Intuitivamente, più è bassa la resistività, più il materiale sarà un buon conduttore di elettricità. Ad esempio, si ha $$\rho_{Cu} = 1.68 \times 10^{-8} [\Omega m] \\ \rho_{Ar} = 1.62 \times 10^{-8} [\Omega m] \\ \rho_{H20} = 2 \times 10^{-1} [\Omega m]$$ ove \(\rho_{Cu}\) rappresenta la resistività del rame, \(\rho_{Ar}\) è la resistività dell’argento e \(\rho_{H20}\) è quella dell’acqua.
Dopo queste premesse, ci possiamo chiedere quale sia la resistività propria di un volatile. La risposta a questa domanda, infatti, consente di rispondere all’enigma iniziale, ovvero ci spiega perché gli uccelli non rimangono folgorati se si poggiano su un singolo cavo. Considerando la composizione di un uccello, la si può considerare “elettricamente” simile a quella del corpo umano. Essendo noi composti principalmente da acqua, risultiamo essere dei conduttori di elettricità pessimi rispetto al rame, ma ottimi rispetto alla plastica o al legno. Lo stesso vale per gli uccelli, i quali hanno una resistività \(\rho_u = 0.15 [\Omega m]\).

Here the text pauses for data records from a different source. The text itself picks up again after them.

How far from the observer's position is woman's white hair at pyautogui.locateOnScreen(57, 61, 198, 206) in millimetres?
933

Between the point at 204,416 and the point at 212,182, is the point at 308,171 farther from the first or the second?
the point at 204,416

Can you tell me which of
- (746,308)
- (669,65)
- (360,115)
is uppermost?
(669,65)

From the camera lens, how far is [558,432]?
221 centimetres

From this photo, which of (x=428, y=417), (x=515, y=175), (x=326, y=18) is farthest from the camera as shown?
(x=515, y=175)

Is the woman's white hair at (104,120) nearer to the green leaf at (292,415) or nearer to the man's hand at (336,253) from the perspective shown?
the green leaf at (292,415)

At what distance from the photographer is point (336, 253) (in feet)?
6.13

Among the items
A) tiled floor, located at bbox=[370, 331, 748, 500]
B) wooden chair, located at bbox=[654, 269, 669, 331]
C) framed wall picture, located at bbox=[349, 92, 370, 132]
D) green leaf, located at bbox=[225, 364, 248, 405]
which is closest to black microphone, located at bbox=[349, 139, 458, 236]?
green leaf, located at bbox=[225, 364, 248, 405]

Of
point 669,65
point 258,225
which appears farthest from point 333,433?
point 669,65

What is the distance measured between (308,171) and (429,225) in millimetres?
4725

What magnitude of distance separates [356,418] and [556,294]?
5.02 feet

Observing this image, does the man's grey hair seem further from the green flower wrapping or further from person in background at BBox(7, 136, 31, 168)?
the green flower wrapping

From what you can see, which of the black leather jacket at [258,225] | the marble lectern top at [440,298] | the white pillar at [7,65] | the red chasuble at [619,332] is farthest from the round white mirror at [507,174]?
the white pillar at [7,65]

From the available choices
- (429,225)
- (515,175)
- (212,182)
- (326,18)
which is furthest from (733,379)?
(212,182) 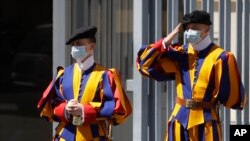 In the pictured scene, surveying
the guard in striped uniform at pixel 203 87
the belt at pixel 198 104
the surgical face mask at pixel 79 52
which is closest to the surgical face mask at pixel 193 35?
the guard in striped uniform at pixel 203 87

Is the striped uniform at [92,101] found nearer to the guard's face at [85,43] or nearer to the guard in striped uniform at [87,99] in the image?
the guard in striped uniform at [87,99]

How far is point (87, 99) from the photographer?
446 cm

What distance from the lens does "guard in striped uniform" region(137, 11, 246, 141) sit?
14.1 feet

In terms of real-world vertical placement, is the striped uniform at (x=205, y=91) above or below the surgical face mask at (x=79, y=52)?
below

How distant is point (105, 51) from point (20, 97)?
1.00m

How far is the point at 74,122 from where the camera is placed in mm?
4441

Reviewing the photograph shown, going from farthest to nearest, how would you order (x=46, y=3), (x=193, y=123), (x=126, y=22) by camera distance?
(x=46, y=3), (x=126, y=22), (x=193, y=123)

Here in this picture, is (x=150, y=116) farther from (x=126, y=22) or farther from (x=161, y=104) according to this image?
(x=126, y=22)

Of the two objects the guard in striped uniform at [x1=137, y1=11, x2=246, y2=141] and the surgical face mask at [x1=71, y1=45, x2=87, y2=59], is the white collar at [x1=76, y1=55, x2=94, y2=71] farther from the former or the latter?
the guard in striped uniform at [x1=137, y1=11, x2=246, y2=141]

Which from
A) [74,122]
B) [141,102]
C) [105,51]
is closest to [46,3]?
[105,51]

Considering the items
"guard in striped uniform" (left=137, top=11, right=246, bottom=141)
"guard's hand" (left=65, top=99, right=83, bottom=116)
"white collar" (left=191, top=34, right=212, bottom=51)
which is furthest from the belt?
"guard's hand" (left=65, top=99, right=83, bottom=116)

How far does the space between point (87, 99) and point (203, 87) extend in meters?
0.69

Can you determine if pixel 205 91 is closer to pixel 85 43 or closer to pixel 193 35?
pixel 193 35

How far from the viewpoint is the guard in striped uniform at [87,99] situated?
4.41 metres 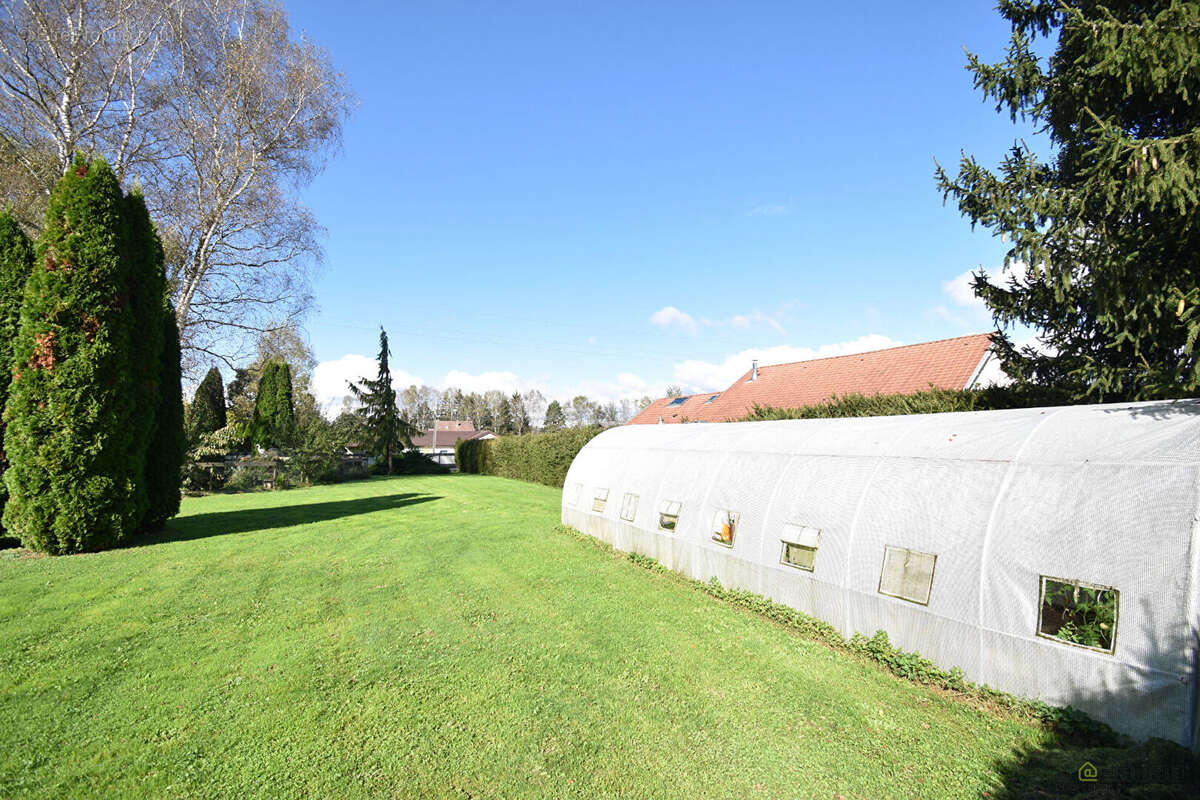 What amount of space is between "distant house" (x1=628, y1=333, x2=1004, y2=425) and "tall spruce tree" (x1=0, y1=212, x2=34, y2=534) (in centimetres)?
1827

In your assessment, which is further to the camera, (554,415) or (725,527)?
(554,415)

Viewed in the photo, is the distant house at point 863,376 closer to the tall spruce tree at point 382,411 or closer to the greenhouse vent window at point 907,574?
the greenhouse vent window at point 907,574

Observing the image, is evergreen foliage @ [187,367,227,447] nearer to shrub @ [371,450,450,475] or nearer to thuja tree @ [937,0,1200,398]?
shrub @ [371,450,450,475]

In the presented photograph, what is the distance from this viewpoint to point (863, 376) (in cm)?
2217

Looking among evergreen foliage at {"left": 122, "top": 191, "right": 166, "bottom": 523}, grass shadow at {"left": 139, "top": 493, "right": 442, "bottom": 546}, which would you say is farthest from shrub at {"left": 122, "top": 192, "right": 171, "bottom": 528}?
grass shadow at {"left": 139, "top": 493, "right": 442, "bottom": 546}

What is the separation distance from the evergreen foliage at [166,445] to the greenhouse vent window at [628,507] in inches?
408

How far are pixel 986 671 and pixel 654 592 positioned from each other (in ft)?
14.6

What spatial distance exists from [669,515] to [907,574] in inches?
181

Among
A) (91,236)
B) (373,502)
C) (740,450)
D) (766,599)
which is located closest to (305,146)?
(91,236)

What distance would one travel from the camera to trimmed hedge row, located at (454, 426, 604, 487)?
26.6m

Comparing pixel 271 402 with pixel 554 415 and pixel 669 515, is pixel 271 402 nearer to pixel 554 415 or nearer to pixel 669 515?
pixel 669 515

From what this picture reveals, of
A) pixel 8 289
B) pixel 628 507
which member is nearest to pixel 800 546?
pixel 628 507

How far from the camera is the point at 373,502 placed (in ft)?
65.5

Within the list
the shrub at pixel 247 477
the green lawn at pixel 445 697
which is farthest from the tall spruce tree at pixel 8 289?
the shrub at pixel 247 477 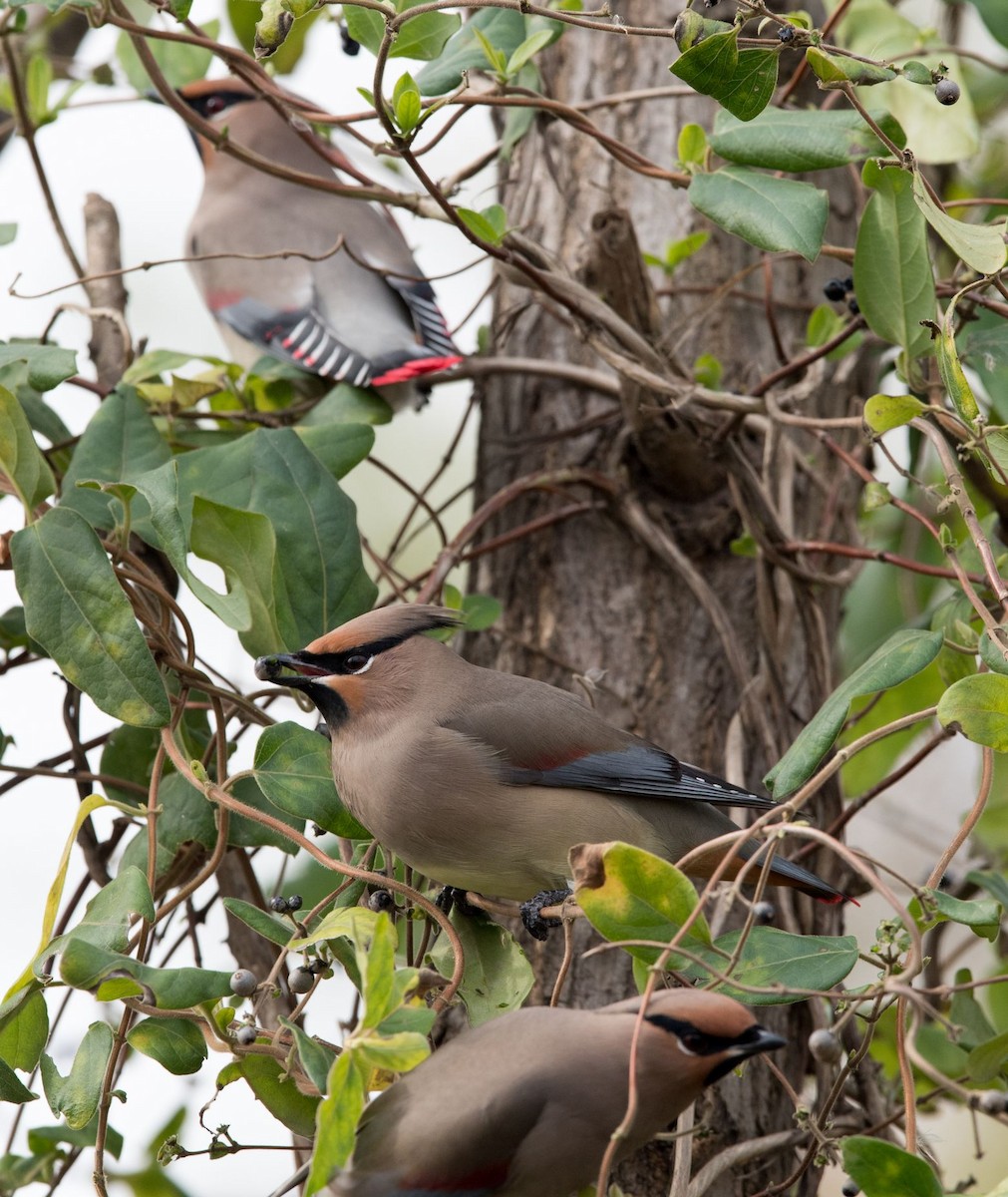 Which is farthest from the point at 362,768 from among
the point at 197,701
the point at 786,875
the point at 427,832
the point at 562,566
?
the point at 562,566

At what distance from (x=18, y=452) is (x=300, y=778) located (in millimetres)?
706

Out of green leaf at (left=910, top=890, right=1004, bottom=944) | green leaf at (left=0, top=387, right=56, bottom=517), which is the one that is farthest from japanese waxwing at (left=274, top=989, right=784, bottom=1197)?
green leaf at (left=0, top=387, right=56, bottom=517)

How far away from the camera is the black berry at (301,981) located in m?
2.16

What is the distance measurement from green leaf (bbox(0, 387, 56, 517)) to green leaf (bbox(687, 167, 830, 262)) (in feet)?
4.00

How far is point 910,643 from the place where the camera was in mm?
2234

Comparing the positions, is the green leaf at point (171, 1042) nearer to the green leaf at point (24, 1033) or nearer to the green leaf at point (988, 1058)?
the green leaf at point (24, 1033)

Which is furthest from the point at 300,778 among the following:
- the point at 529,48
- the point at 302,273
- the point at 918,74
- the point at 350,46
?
the point at 302,273

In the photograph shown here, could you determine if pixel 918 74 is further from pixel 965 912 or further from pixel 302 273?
pixel 302 273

Quando un volatile si posa su un singolo cavo del sistema trifase, poggia le sue zampette su un materiale che sta facendo scorrere una corrente di grande intensità. Questo significa che il circuito che comprende quel determinato filo è completo, e quindi l’uccello vi si sta inserendo in parallelo. Da un punto di vista modellistico, è come quando si studia un piccolo circuito con due resistenze in parallelo. Per la seconda legge di Kirchhoff, la corrente si separa in due e segue i due rami, per poi ritornare unica dopo la biforcazione. La quantità di corrente che scorre su ogni singolo ramo dipenderà dalla resistenza associata a quel ramo.
Ora, considerando una distanza fra le zampe dell’uccello pari a \(10 [cm]\) e una sezione del cavo pari a \(25 [mm^2]\) , la resistenza associata al rame sarà pari a \(R_{Cu} \approx 6.72 \times 10^{-5} [\Omega]\), mentre quella associata al volatile (alto \(30 [cm]\)) sarà \(R_u \approx 20 [\Omega]\).
Si supponga che nel cavo scorra una corrente pari a \(I = 50 [A]\). Secondo la legge del partitore di corrente, la corrente sul ramo su cui è presente \(R_u\) (ovvero l’uccellino) sarà pari a $$I_{u} = \dfrac{R_{Cu}}{R_{Cu}+R_u} I \approx 1.68 \times 10^{-4} [A]$$ L’intensità di questa corrente è praticamente impercettibile da parte del volatile, il quale non risente minimamente della corrente infinitesimale che scorre attraverso il suo esile corpicino. D’altro canto, se paradossalmente l’uccello fosse fatto interamente d’argento, nel suo corpo scorrerebbe una corrente con un’intensità pari a circa la metà di quella che scorrerebbe sul cavo.
Cosa succede, invece, se l’uccello tocca contemporaneamente due fili diversi? Qui la situazione cambia radicalmente, poiché l’uccello non fa altro che chiudere un nuovo circuito, toccando con due parti diverse del corpo due zone con potenziale diverso. Supponendo che la tensione risultante sia \(V = 1 [kV]\), e che la resistenza del volatile sia sempre \(R_{u} = 20 [\Omega]\) la corrente sarà pari a $$I = \dfrac{V}{R_u} = 50 [A]$$ ovvero sufficiente a carbonizzare all’istante l’uccello. In tal caso, quindi, il volatile sarà un ottimo conduttore di elettricità!